Gorilla At Large is the only movie I remember. I feel like there was one other gorilla-focused film, but I can’t say for sure. What I do recall about Gorilla At Large is that it was a lot of a guy in a suit who found reasons to lunge toward the camera, the 3D was cool, but not as immersive as I hoped it would be, Johnnie Mountain’s host segments were SO CORNY, and that I loved every second of it. I watched it on the floor in the den, with my brother and sister, on a huge pile of blankets and pillows we built, with all the lights turned out so there were no reflections on the TV. Mom made us Jiffy-Pop (we did the kind of helping where you watch), and dad must have been at work because I don’t remember him being there.
I just remember staying up past our bedtimes, watching a bad movie that was still fun, feeling the way I imagined families were meant to feel.
Wow. I’d forgotten all of that, but now I can see it as clearly as if the blue blanket was wrapped around me right now. Jeremy is wearing one of his hats, and Amy is still really little, so she falls asleep before the second or third commercial.
This must be from a time I call Before. It’s the most precious time in my life, before my mom sold me and my sister to The Curse, before I knew how my dad felt about me, before he decided to be my bully.
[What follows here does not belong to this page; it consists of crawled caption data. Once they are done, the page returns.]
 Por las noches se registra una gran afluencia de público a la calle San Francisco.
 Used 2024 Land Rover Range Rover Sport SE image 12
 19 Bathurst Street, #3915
Before sadness, loneliness, confusion, and fear filled up all this space in my life that I am still cleaning up today.
I don’t have a lot of clear and happy memories from my childhood, and when I saw this picture on Tumblr earlier, and thought it would be fun to write about watching a 3D movie on TV, I had no idea it would unlock this particular one, literally seconds ago.
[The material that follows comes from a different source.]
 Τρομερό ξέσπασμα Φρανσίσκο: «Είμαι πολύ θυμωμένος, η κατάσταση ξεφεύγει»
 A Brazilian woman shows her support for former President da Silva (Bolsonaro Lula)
But it’s like I’m looking at one of the pictures I don’t have because my mother still refuses to let me have any of my childhood. I can see it all so clearly, how much fun it was, how I felt like the big brother I always wanted to be, even if it was just for that one evening in the eighties.
I’m grateful for that. It’s nice to experience one of these memories, instead of the usual, for a change.